Legislators across party lines yesterday panned the Ministry of Foreign Affairs (MOFA) for rejecting assistance offered by the US and Japan, while Web users launched a campaign urging the government to change its mind.
“The government is incapable of dealing with the aftermath of the disaster caused by Typhoon Morakot and is too arrogant to [accept help from] other countries,” Democratic Progressive Party Legislator Huang Sue-ying (黃淑英) said. “I think their rejection is out of fear of losing face.”
Taiwan should welcome all help in this situation, especially considering the government’s response has not been well-organized, she said.
“Even if we’re capable of taking care of the aftermath ourselves, extra help wouldn’t hurt,” she said.
Chinese Nationalist Party (KMT) Legislator Liao Wan-ju (廖婉汝), who represents a Pingtung County electorate and is in the disaster area helping with relief efforts, called the ministry’s decision incomprehensible.
“The situation here [in Pingtung] is better now, but we still have a long way to go before we can say we’ve recovered,” Liao told the Taipei Times over the phone. “We certainly need all the help we can get — whether domestic or foreign — so I don’t understand why MOFA turned down [help].”
When disasters occur abroad, Taiwan never hesitates to offer help, she said.
“Now that we’re in trouble, there’s nothing wrong with accepting help from other countries,” she said. “Isn’t it a good thing that countries help each other out?”
MOFA said Taiwan did not need foreign assistance on Tuesday.
MOFA Spokesman Henry Chen (陳銘政) said yesterday that Taiwan would seek help from the international community if necessary, “but so far, we are still handling [the situation] well.”
Lo Chih-cheng (羅致政), a political science professor at Soochow University, urged the public to let the world know help is needed, despite what the government says.
“MOFA said ‘no’ to the international community on behalf of the Taiwanese people, but the people never said ‘no,’” Lo said.
PTT Bulletin Board System users launched a petition campaign calling on the government not to turn down offers of help when hundreds of people have yet to be rescued.
A sample petition letter was soon posted on Web sites, online forums and personal blogs, with Internet users urging everyone to send a copy to the Presidential Office.

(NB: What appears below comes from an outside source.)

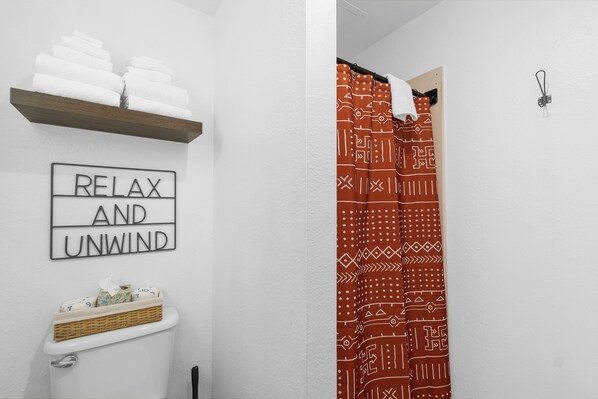 A bathroom with a toilet, a shelf with towels, a sign that reads "RELAX AND UNWIND", and a shower curtain with a geometric pattern. - Silver Sands Motel (Westport)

“Though the people and the government of Taiwan are making every effort in the aftermath of the typhoon, a lot of people and places are still waiting to be rescued,” said the letter to President Ma Ying-jeou (馬英九), written by PTT user “Develop.”
“We urgently need more people and professional teams to join the efforts,” it said.
“People in the disaster zone can not wait, because it’s a race against time,” the letter said. “Please accept help from the international community to get these victims out of the critical situations they’re in as soon as possible.”
The letter was soon posted on several Web sites, online forums, and personal blogs, with Internet users urging everyone to each send a copy via e-mail to the Presidential Office.
Others drafted a letter in English and called on Internet users to send it to international media outlets such as the BBC and CNN, as well as the UN Office for Coordination of Humanitarian Affairs.
“Please save Taiwan! Many villages in southern Taiwan are still waiting for rescue while our president Ma is still hesitating, even refusing foreign help provided by rescue teams for reasons we don’t understand,” the letter in English said. “We hear so much SOS from the villages in the mountains but couldn’t do anything. They have no food, no water, no electricity, all transportation shut down, and phones can’t work so there’s no communication for already 6 days!”
“Those who are trapped might not be able to hold on for any longer,” the letter said.
Meanwhile, in response to the criticism, Premier Liu Chao-shiuan (劉兆玄) said yesterday Taiwan was willing to accept help from other countries, but he declined to say what kind of aid Taiwan needed.
Liu said he appreciated a suggestion by Democratic Progressive Party Legislator Wang Sing-nan (王幸男) at a meeting earlier in the day to ask the US to send helicopters from Guam to help with the rescue efforts. However, he did not say whether the government would do so.